Caption-style text data:
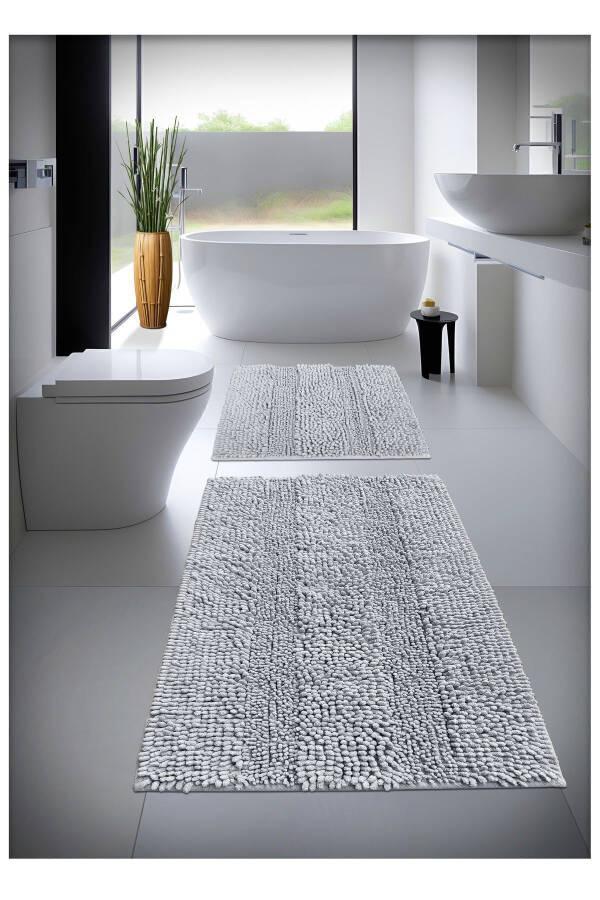 Cotton Tufting Bath Mat Set, Bath Rug Macaroni 2 Pieces Set 60x100 - 60x50 - 1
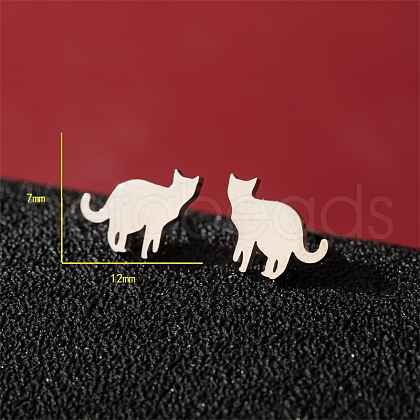 Non-Tarnish Stainless Steel Stud Earrings PW-WG95520-34-1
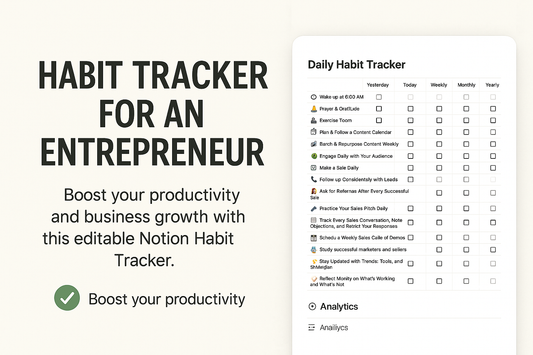 HABIT TRACKER FOR AN ENTREPRENEUR
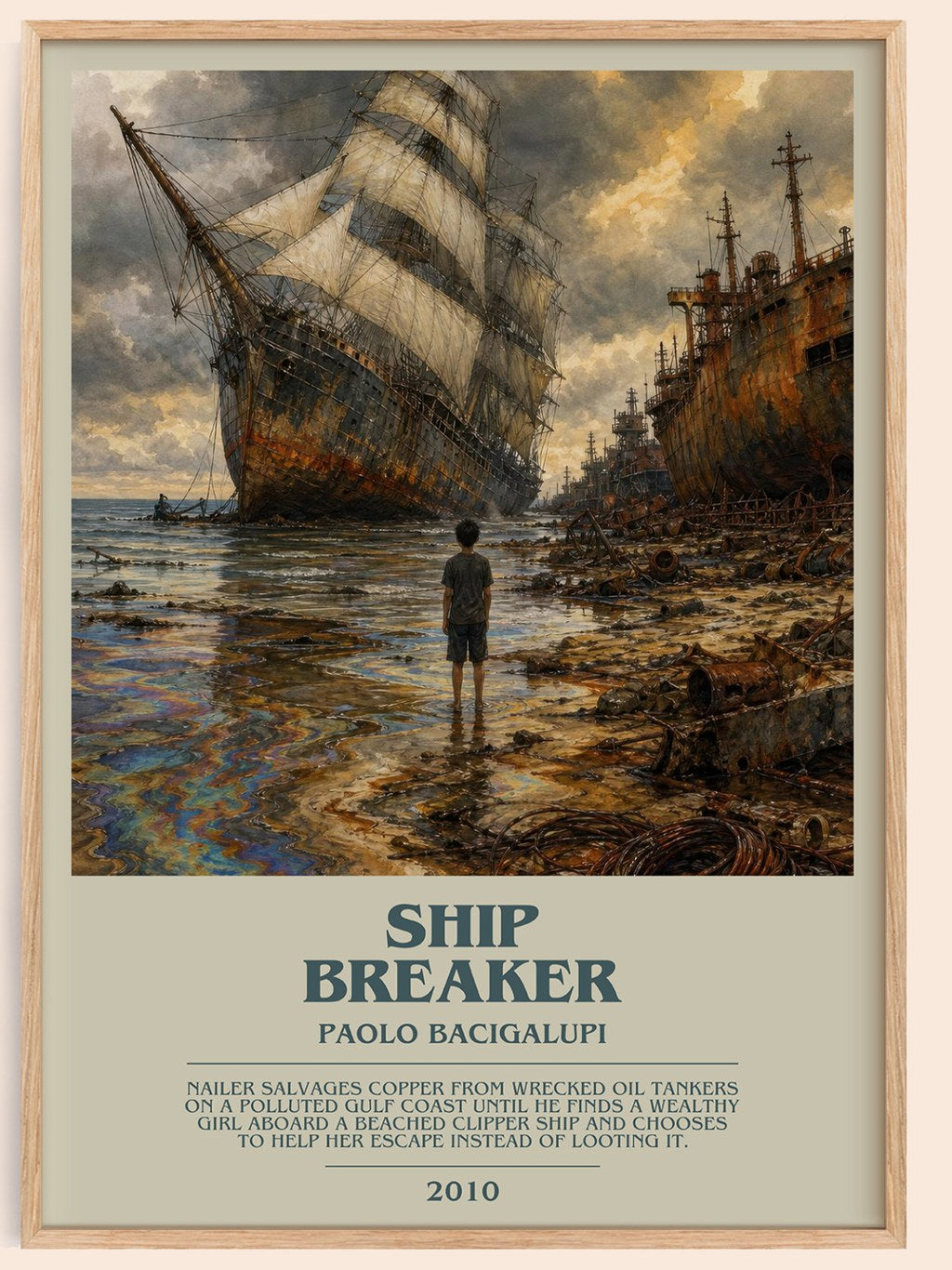 Ship breaker bookish book poster by Paolo Bacigalupi – framed literary art print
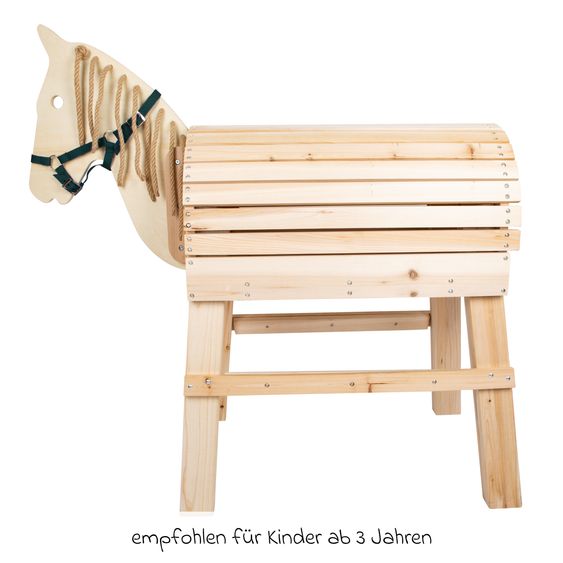 small foot Holzpferd mit Aufstiegshilfe & Halfter für den Außenbereich - Beige
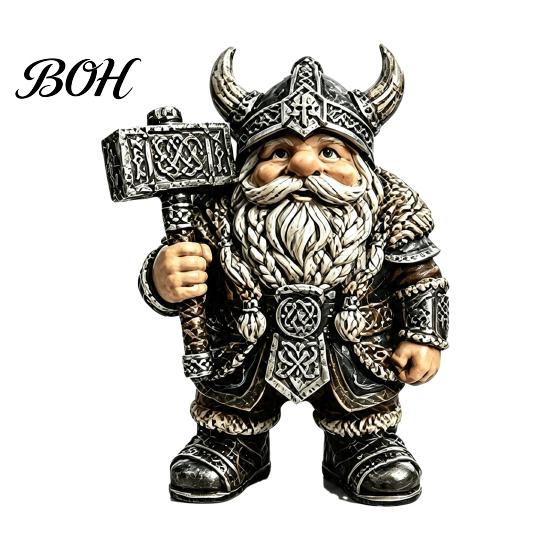 Stable Base Desk Sculptures Viking Gnome Warrior Figurine, Resin Nordic Dwarf Statue, Decorative Weather Resistant Yard Decorations Soldier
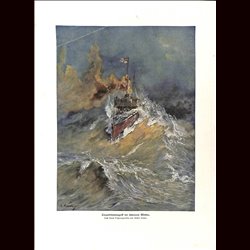 9066	 WWI print	 German Torpedo boat storym weather by Gustav Romin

[Work required] Retype every entry exactly as written. Leave the pictures out.

[Answer section]
 Cotton Tufting Bath Mat Set, Bath Rug Macaroni 2 Pieces Set 60x100 - 60x50 - 1
 Non-Tarnish Stainless Steel Stud Earrings PW-WG95520-34-1
 HABIT TRACKER FOR AN ENTREPRENEUR
 Ship breaker bookish book poster by Paolo Bacigalupi – framed literary art print
 small foot Holzpferd mit Aufstiegshilfe & Halfter für den Außenbereich - Beige
 Stable Base Desk Sculptures Viking Gnome Warrior Figurine, Resin Nordic Dwarf Statue, Decorative Weather Resistant Yard Decorations Soldier
 9066	 WWI print	 German Torpedo boat storym weather by Gustav Romin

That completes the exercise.